Scientists believe that consuming a weird marine creature may help reverse the effects of aging. Researchers have released fresh research diving deep into the possibilities.
Sea squirts, more technically known as Ascidiacea, have been shown to reverse the effects of aging in animal models. It is possible to consume the critters uncooked, and they have been used in Korean cuisine for a long time. What makes sea squirts so appealing?
Plasmalogens, a chemical found in these odd marine critters, might be very valuable. Plasmalogens play a critical role in a variety of bodily functions. In our hearts, brains, and immune cells are located these naturally occurring chemicals.
However, as we get older, our plasmalogens decrease in number. Several neurodegenerative illnesses have been linked to the depletion of these essential chemicals. The development of novel supplements may be made easier if it can be shown that increasing the amount in the body might slow down the aging process.

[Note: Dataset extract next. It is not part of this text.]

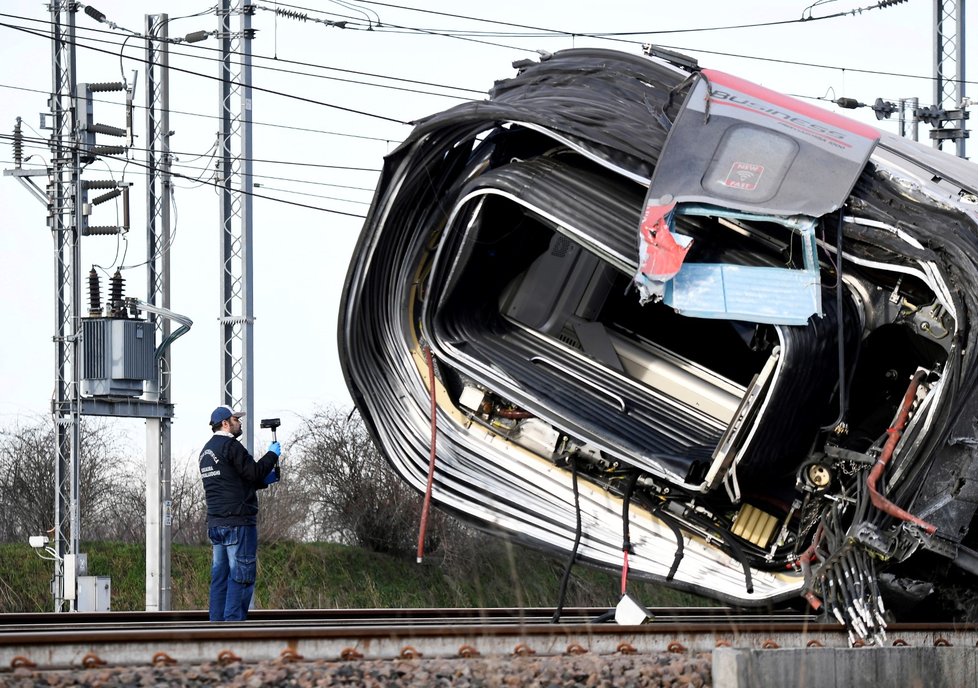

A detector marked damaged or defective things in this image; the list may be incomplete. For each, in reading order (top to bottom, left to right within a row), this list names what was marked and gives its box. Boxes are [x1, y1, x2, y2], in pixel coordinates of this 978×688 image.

torn blue panel [660, 264, 820, 326]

How advantageous is it to include plasmalogens in your daily diet?
Plasmalogens were discovered to be able to halt cognitive deterioration. Plasmalogen-fed mice also had thicker and glossier hair than their counterparts who didn’t get the supplement. The results suggest that adding plasmalogens to the diet of elderly mice reversed the effects of aging. Cognitive deficits were also shown to be affected by it. Scientists used a Morris water maze on mice to see how big of an impact these chemicals had on the aging brain.

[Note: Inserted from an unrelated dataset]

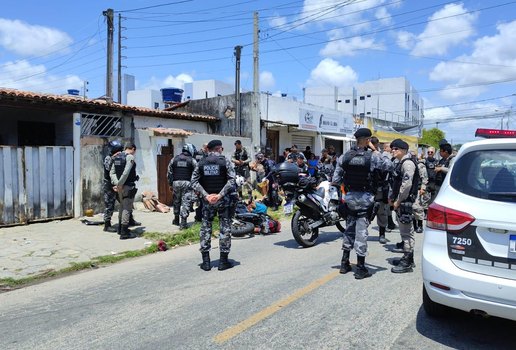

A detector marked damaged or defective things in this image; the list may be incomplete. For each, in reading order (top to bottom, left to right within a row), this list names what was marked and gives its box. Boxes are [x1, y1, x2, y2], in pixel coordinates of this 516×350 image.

rusty metal gate [0, 146, 73, 226] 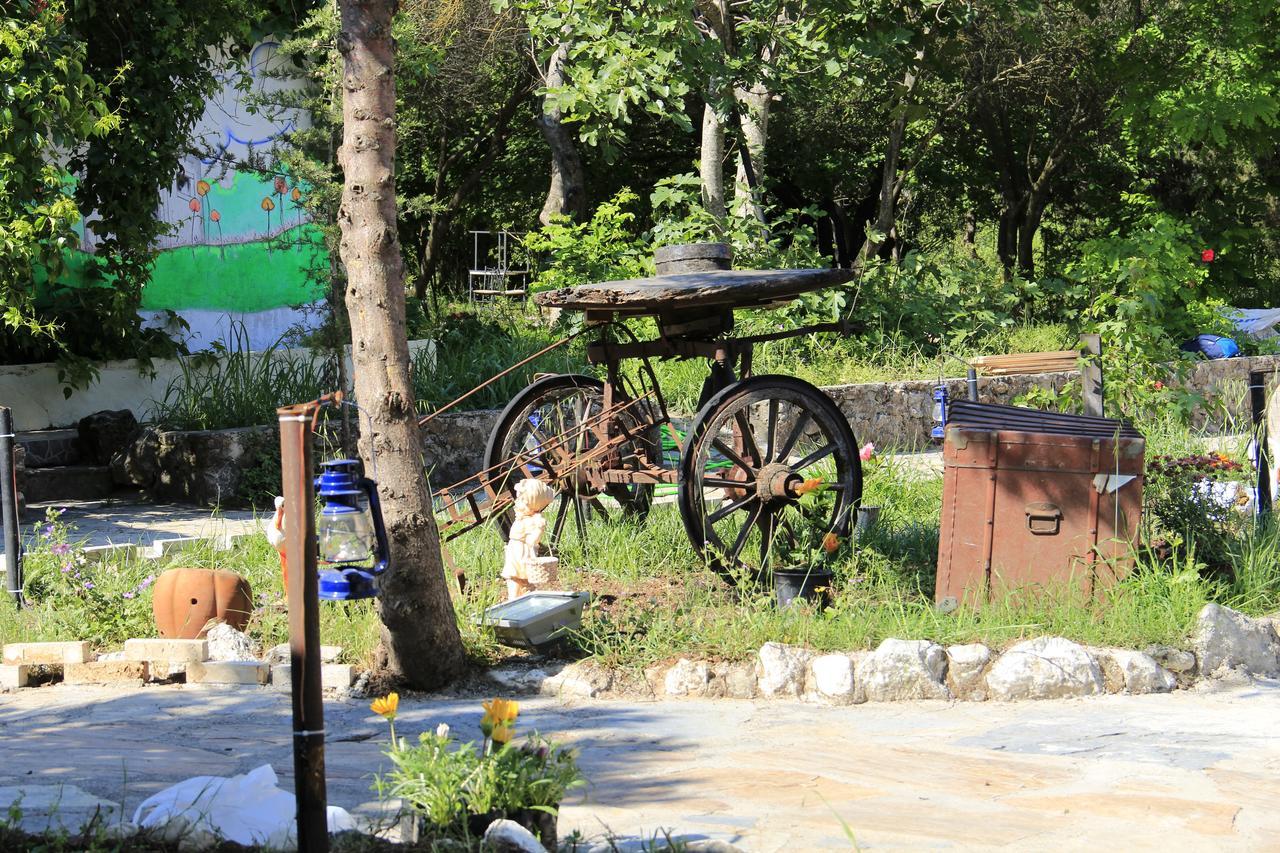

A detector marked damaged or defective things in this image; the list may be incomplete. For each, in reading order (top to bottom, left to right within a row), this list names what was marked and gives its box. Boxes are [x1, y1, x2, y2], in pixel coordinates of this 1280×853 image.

rusty antique cart [424, 253, 864, 580]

As a resting space, a pool of water with a single platform is used in this experiment. Swimming is often not a favorite pastime for mice. It is because of this that they are generally able to recall exactly where the platform is and swim right there. However, after five days of training, researchers discovered that elder mice were still unable to locate the platform.
However, when plasmalogen supplements were added to their diet, the elderly mice acted more like younger mice. These critical nutrients seem to be capable of reversing the brain’s aging process as well. The researchers examined the brains of mice with and without additional plasmalogens to see whether this held true.
A greater number and better quality of synapses were found in the brains of mice given the supplement. Synapses are simply the connections between neurons, and they are referred to as such. Supplement-free mice demonstrated a reduction in the number and quality of synapses in old age.